Description of problem:
This has occurred to me twice in the last 2 weeks, desperately needs a fix.
I am conducting benchmarking of Ceph object storage, per the workflow, I ingested 500 Million S3 64K objects into the cluster (EC 4+2 data pool).
Due to some unrelated reason, i had to delete all the objects from the cluster. So the best quickest ways was to delete the entire RGW data pool containing 500 Million objects. As soon as i did that, i found CPU reaching to 99% on all Ceph OSD nodes. At the same time observed 100% NVMe (bluestore device) across all devices on all OSD nodes. Upon further investigation, found that
- NVMe are 100% utilized because of insane read IOs (almost no write IO)
- This is causing super high IO WAIT on the CPU, causing CPU saturation too
- The OSD devices (HDD) were idle, not doing anything.
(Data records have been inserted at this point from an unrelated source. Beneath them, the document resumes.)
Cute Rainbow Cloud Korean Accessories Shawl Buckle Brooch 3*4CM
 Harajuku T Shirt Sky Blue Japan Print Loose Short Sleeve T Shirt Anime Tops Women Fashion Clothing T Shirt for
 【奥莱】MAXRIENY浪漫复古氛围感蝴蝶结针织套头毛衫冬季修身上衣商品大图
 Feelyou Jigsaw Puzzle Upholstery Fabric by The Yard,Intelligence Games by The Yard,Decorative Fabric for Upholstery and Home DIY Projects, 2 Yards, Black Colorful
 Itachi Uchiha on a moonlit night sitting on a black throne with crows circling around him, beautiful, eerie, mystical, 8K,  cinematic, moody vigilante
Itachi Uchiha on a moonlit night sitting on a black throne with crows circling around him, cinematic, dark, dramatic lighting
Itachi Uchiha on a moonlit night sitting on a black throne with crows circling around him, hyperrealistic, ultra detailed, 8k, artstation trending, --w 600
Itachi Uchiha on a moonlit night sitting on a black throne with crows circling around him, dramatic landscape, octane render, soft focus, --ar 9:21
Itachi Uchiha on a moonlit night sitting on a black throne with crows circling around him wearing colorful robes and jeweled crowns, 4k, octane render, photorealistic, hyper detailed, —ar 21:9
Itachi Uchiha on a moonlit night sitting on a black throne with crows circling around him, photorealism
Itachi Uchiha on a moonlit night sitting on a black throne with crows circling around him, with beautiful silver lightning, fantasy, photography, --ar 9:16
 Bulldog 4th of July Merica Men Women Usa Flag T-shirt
I left the system like this for another 8 hours (overnight), later next morning the system still was unusable, 100% CPU utilization, 100% NVMe utilization. As i was running short on time, i had to purge (PV,VG,LV) and re-deploy the entire cluster
Version-Release number of selected component (if applicable):
RHCS 4.1
How reproducible:
ALWAYS
Steps to Reproduce:
1. Fill Ceph cluster pools with high amount of objects (ex : 500 Million)
2. delete the pool which is storing those 500M objects
3. Check OSd nodes CPU utilization, NVME (Bluestore) utilization
Actual results:
Deleting large pool, causing CPU / NVMe saturation. Making the cluster unusable
Expected results:
After deleting pools (i.e all the underlying PG), Ceph cluster should reclaim all the capacity in a several minutes (if not instantaneously) and should not impact CPU / NVMe devices utilization.
Best would be if a user deletes a pool, ceph will just logically skip those blocks and just overwrite those at the time of writing the data ? (Just a thought)
Additional info:
Comment 1RHEL Program Management
2020-05-25 15:54:49 UTC
Deletion of radosgw objects is very expensive. This will be mitigated by moving RGW's bucket index out of omap and longer term improved for small objects in general with seastore. In the short term the fastest thing to do is redeploy the cluster - there's no way to easily delete everything.